— Dataset extract —

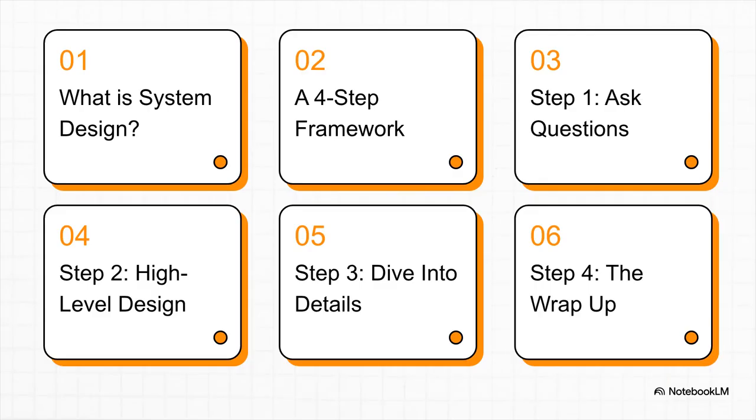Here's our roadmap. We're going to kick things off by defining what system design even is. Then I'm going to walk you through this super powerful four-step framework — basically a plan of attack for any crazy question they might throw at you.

==

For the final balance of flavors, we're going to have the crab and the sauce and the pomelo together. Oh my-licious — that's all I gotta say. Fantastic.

==

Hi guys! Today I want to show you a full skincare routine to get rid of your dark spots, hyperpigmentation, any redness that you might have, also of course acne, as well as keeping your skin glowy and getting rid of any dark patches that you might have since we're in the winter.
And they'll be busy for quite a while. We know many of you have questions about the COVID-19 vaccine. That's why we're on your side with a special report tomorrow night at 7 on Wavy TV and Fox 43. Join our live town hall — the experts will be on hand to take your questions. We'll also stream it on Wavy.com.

— Work instruction —
Scan the records above and show every line in which the word "have" occurs.

— Written solution —
For the final balance of flavors, we're going to have the crab and the sauce and the pomelo together. Oh my-licious — that's all I gotta say. Fantastic.
Hi guys! Today I want to show you a full skincare routine to get rid of your dark spots, hyperpigmentation, any redness that you might have, also of course acne, as well as keeping your skin glowy and getting rid of any dark patches that you might have since we're in the winter.
And they'll be busy for quite a while. We know many of you have questions about the COVID-19 vaccine. That's why we're on your side with a special report tomorrow night at 7 on Wavy TV and Fox 43. Join our live town hall — the experts will be on hand to take your questions. We'll also stream it on Wavy.com.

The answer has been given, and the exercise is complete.